• EXERCISE REQUIREMENTS: Would you print the records below from the first line through the line containing "The plots are", skipping the pictures?

# # # # #

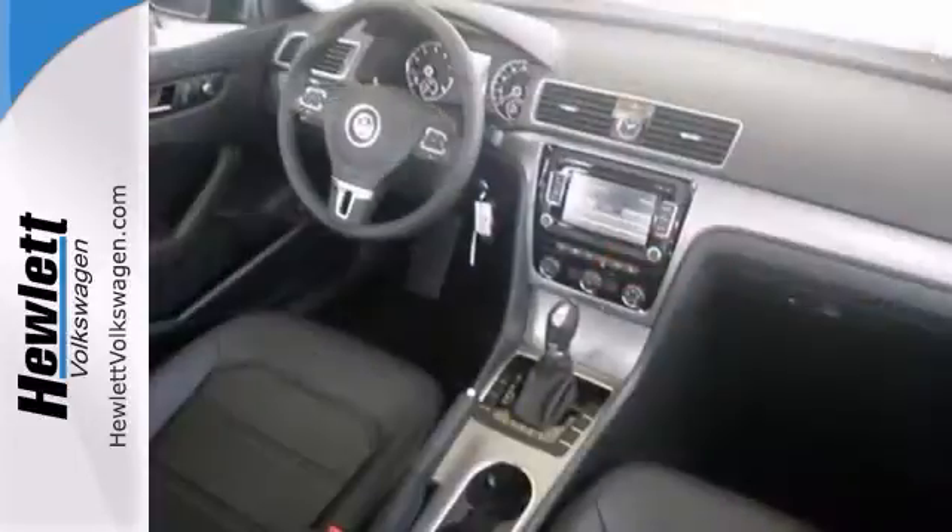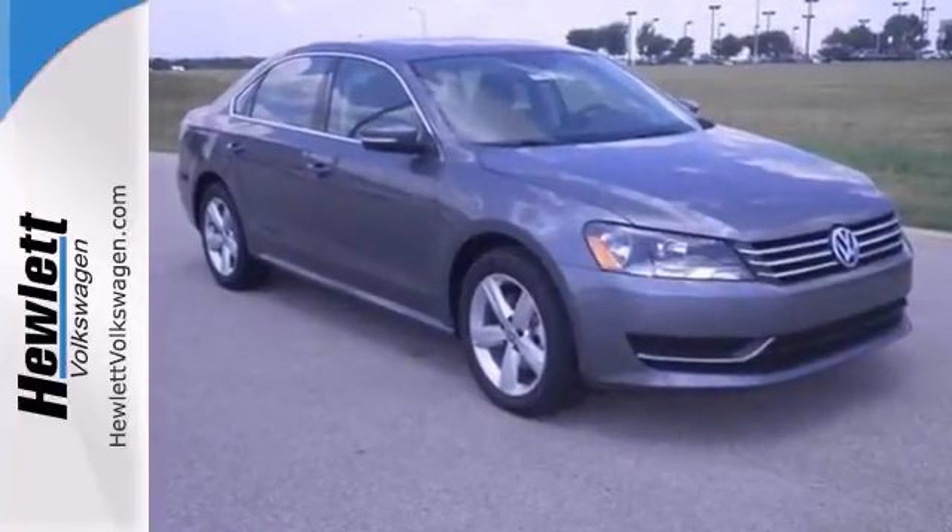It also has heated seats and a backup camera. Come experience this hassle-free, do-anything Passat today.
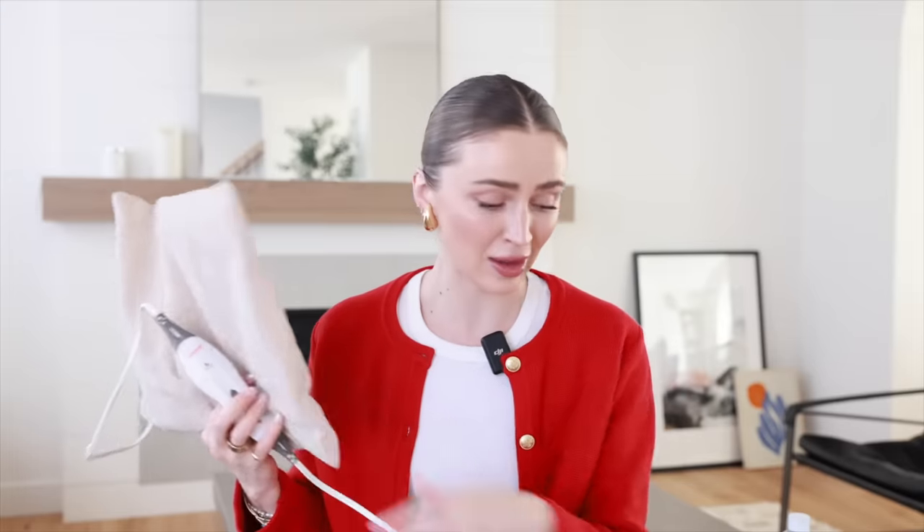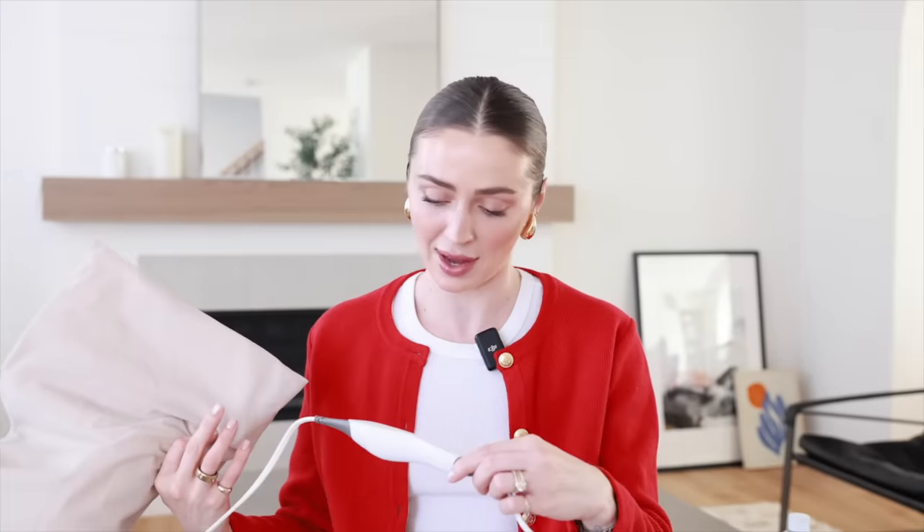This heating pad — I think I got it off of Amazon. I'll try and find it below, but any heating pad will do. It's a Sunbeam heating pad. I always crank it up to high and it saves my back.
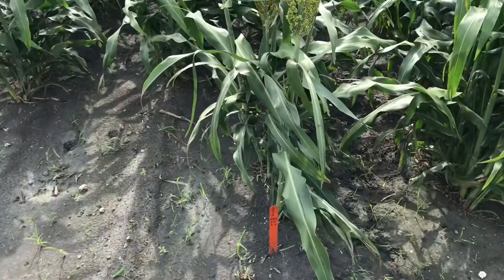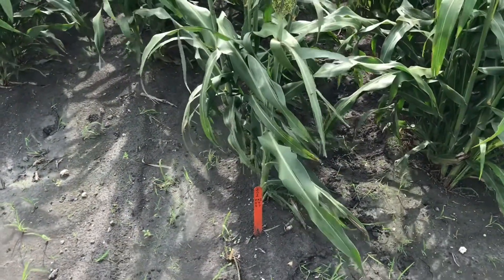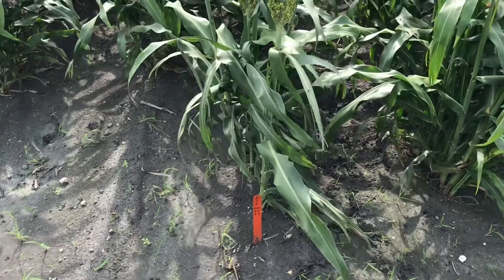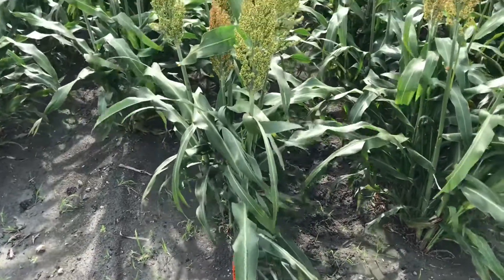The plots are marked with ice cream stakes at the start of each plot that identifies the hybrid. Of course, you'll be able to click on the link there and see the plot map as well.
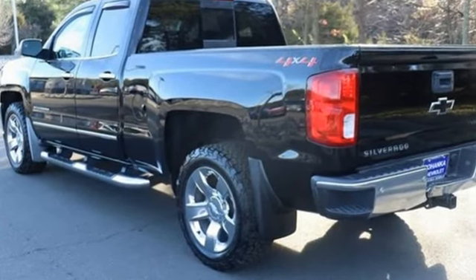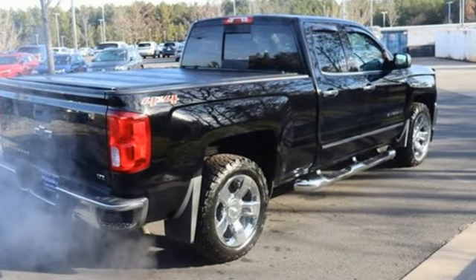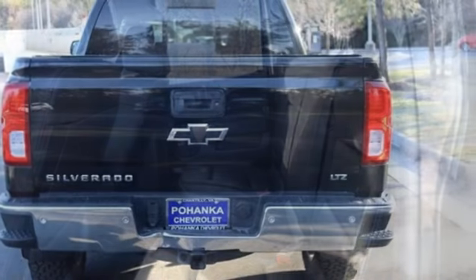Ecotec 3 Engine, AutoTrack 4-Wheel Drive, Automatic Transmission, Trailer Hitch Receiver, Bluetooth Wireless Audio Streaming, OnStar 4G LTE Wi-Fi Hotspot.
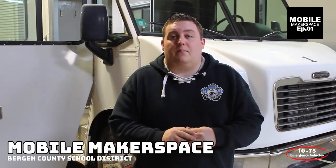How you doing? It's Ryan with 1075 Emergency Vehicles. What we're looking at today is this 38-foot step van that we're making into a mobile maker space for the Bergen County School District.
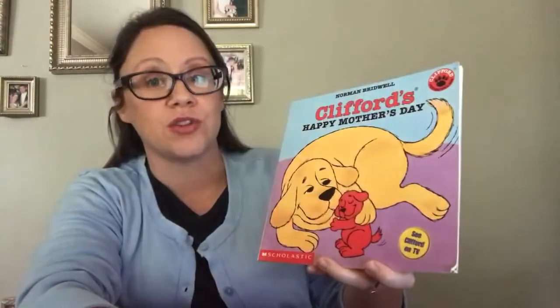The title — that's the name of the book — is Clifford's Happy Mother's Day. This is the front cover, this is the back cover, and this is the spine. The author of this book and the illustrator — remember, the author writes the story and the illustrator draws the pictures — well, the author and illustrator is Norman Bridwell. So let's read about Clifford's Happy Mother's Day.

# # # # #

• RESULT OF THE TASK:
It also has heated seats and a backup camera. Come experience this hassle-free, do-anything Passat today.
This heating pad — I think I got it off of Amazon. I'll try and find it below, but any heating pad will do. It's a Sunbeam heating pad. I always crank it up to high and it saves my back.
The plots are marked with ice cream stakes at the start of each plot that identifies the hybrid. Of course, you'll be able to click on the link there and see the plot map as well.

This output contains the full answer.